Circulars Government publications explaining procedural matters and legislation. Circular 05/2005 relates to ‘Planning Obligations’. The purpose of this Circular is to provide guidance to local authorities in England on the use of planning obligations under section 106 of the Town and Country Planning Act 1990 as substituted by the Planning and Compensation Act 1991.
Commercial Floorspace Floorspace utilised by the following uses: offices, industry, warehousing, showrooms, hotels, retail, entertainment and private educational, health and leisure facilities, other than social and community uses that are principally provided by the public sector. This does not include residential use.
Commuted sum A financial payment made, in accordance with a planning agreement, by a developer towards the provision of, for example, affordable housing.
Conditions A restriction or qualification imposed when planning permission or other consent is granted under the Planning Acts.
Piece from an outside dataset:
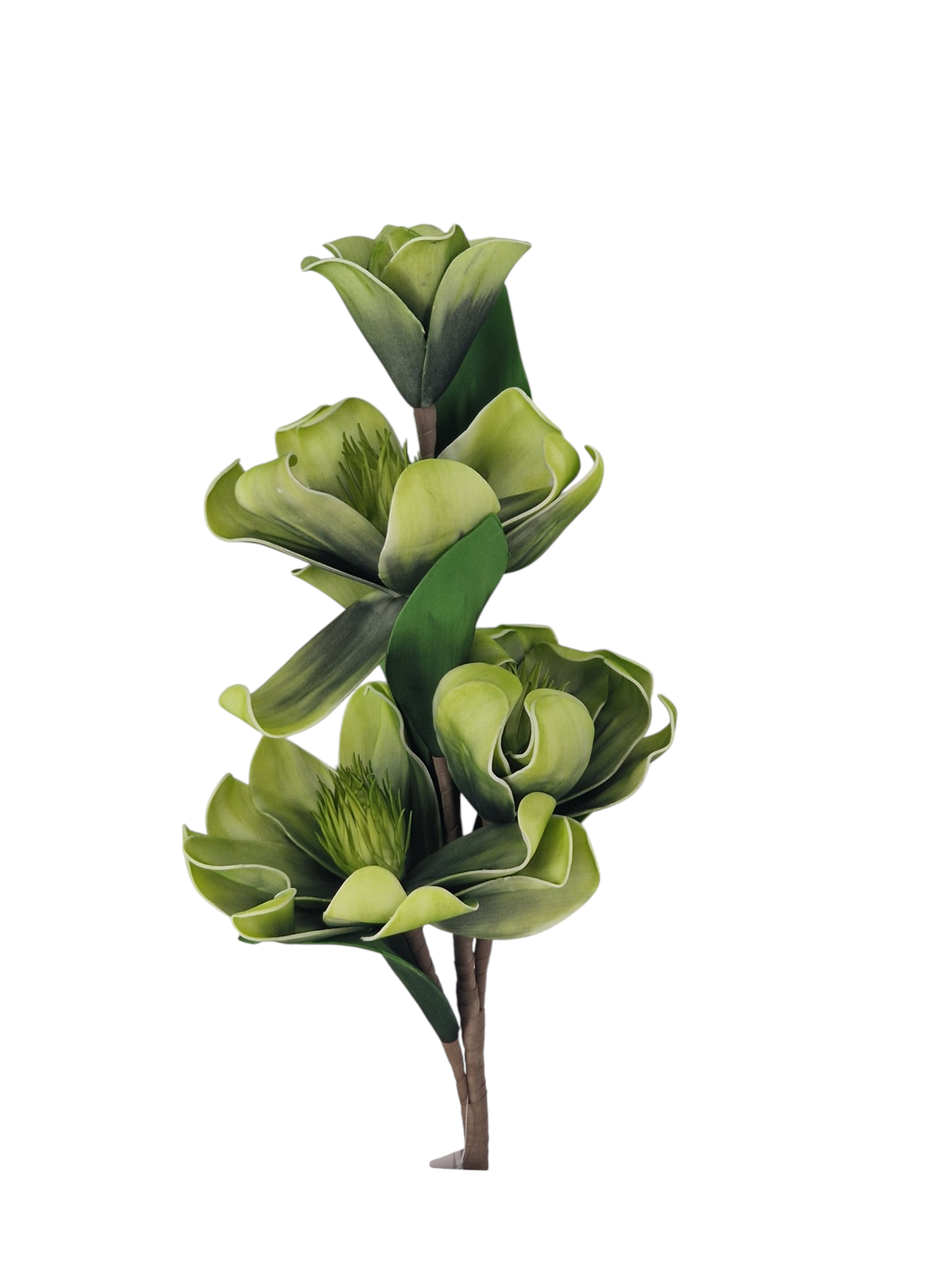Gałązka Magnolia Pianka H 110 cm 3 Kwiaty + 2 pąki - obrazek 3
Conditions are required in law to be necessary, relevant to planning, directly related to the development to be permitted, enforceable, precise and reasonable in all other respects.
Conservation Area An area of special architectural or historic interest designated by the local planning authority under the provisions of the Planning (Listed Buildings and Conservation Areas) Act 1990, the character or appearance of which it is desirable to preserve or enhance.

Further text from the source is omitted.